Moderating is hard. Community managers have the difficult task of taking anonymous internet mobs and channeling them into groups that are socially worthwhile (and financially remunerative). The great failure of this would be EVE Online, a game with a surprisingly strong community given that structures of both the game and the community have fostered sociopathy to the degree of suggesting or plotting the rapes and deaths of players and their families. Not characters, players. As I recall, online game-related murder has actually happened in South Korea, but I had always presumed that was an isolated incident rather than a reasonable expectation of where the game was headed.
(The outcome of that particular EVE situation? A 30-day in-game ban on the leader of the largest group of organized sociopaths, who can still lead them just fine without logging in. This will be about as effective in curbing the community’s excesses as telling Al Capone that he is not allowed to personally brew beer.)
At root, the glory of consequence-free internet anonymity is also its downfall. One of the most important points in internet law is Section 230 of the Communications Decency Act:
No provider or user of an interactive computer service shall be treated as the publisher or speaker of any information provided by another information content provider.
(See the link for similar laws outside the US.) This has become a building block for the internet: with very few limits, you are not responsible for anything anyone posts on your website, forum, whatever. Even the limits are limited, so if you could reasonably claim not to know about X, you’re clear. This has led to the tendency not to moderate anything: if you take responsibility, you are liable, but if you let it all run wild, you retain plausible deniability. Hence the number of internet cesspools.
Upcoming legislation would make a simple change, and you know the programming power of flipping the sign on a variable. Just cross out that “No” and suddenly anyone setting up an internet forum is responsible for what happens there. That will need some amending, because you need a reasonable chance to respond when someone goes off on a rant while you’re asleep, but ultimately you are responsible for the community you create. If you are running the digital equivalent of a crackhouse or vermin pit, you will no longer get to say that you have no control over your customers. Barring hackers, you have complete control over who can post on your website, so take the legal responsibility along with the moral responsibility.

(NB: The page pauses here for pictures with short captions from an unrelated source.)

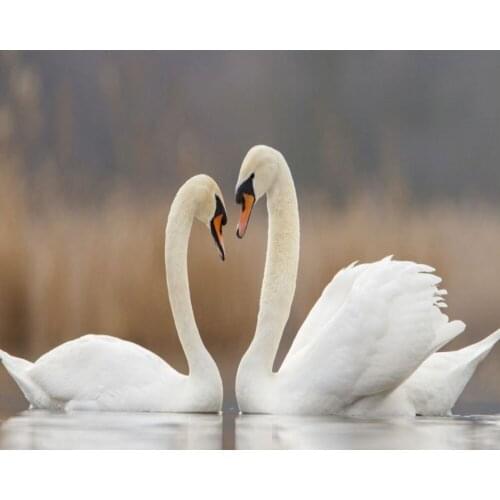 Free Shipping Swan Lake Love Swan TV Sofa Background Wall Painting Custom 3D Wallpaper Western Restaurant Living Room Mural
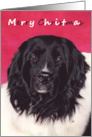 Landseer Newfoundland Dog Painting Christmas card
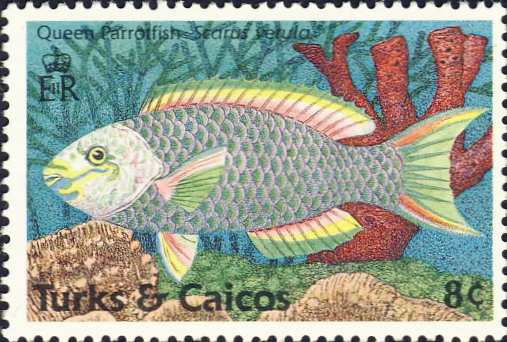Scarus vetula Scarus vetula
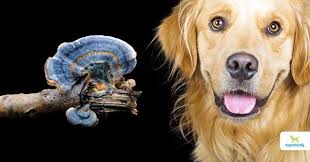 This is often to the lungs, but also to lymph nodes and organs in the abdomen. Research Turkey Tail Increased Survival In Dogs With Hemangiosarcoma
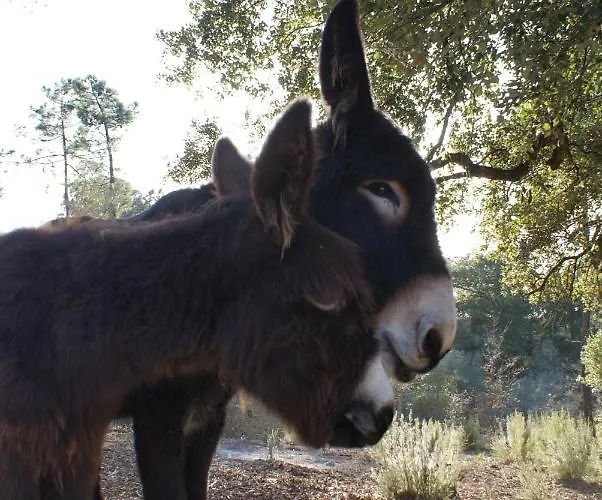 Casa Do Vale Cabo 3*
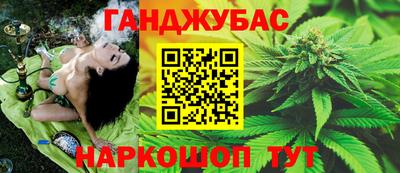 тгк Бийск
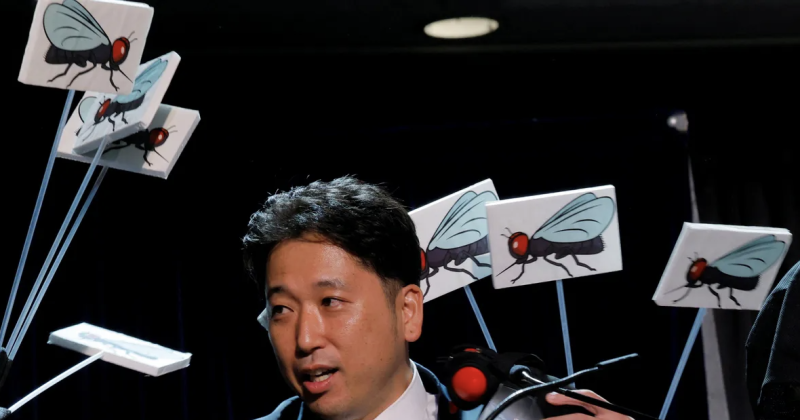 Satirical Nobel Prizes: Cows as Zebras and Decades of Nail Growth Tracking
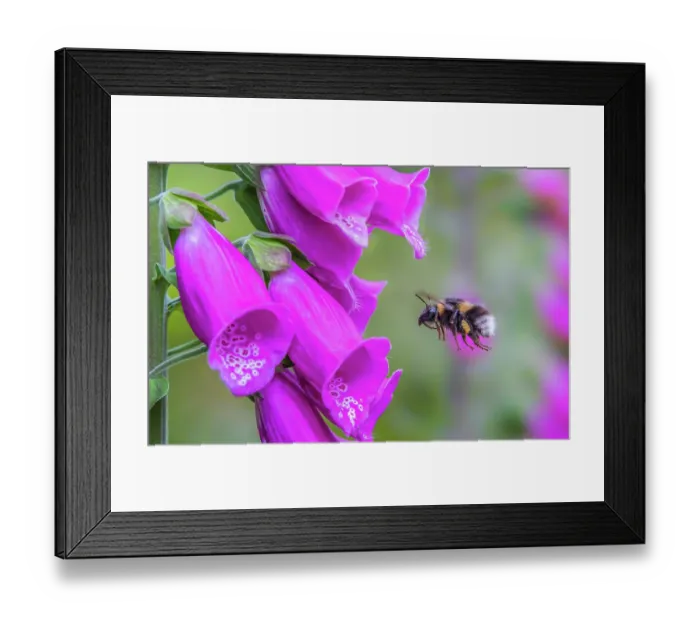 Framed Print : RF - Garden bumblebee (Bombus hortorum) feeding on a Foxglove (Digitalis purpurea) flower in a garden, Monmouthshire, Wales, UK Framed Print : RF - Garden bumblebee (Bombus hortorum) feeding on a Foxglove (Digitalis purpurea) flower in a garden, Monmouthshire, Wales, UK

I want to mourn the death of online anonymity, but I don’t really expect it to happen. There will be international hosts to which something like 4chan or Something Awful can move, and there will be few cases in which it is worth the effort for the US government to impose itself upon another country. But if you can impede the lazy and the stupid, you have solved 90% of the problem.
: Zubon
Hat tip: Popehat. It’s a big hat to tip.
The non-Americans are presumably chuckling about that “US government not imposing itself upon other countries” thing. You cannot imagine how much it frustrates American politicians that they do not control the entire world.

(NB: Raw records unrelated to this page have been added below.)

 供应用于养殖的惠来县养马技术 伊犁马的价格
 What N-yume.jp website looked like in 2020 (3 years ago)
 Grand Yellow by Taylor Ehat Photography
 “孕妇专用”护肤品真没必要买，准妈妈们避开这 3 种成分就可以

Update: This was a bracing April Fool’s post. Wilhelm in the comments has the appropriate reaction to calling for the death of the anonymous speech under a reasonable-sounding cover. The annual debriefing is live. I think I’ll need to skip next year’s prank, since you have at least basic pattern recognition skills. (Also, sorry Maladorn: I put your comment to pending because I didn’t want the very first one to mention the date. It’s back!)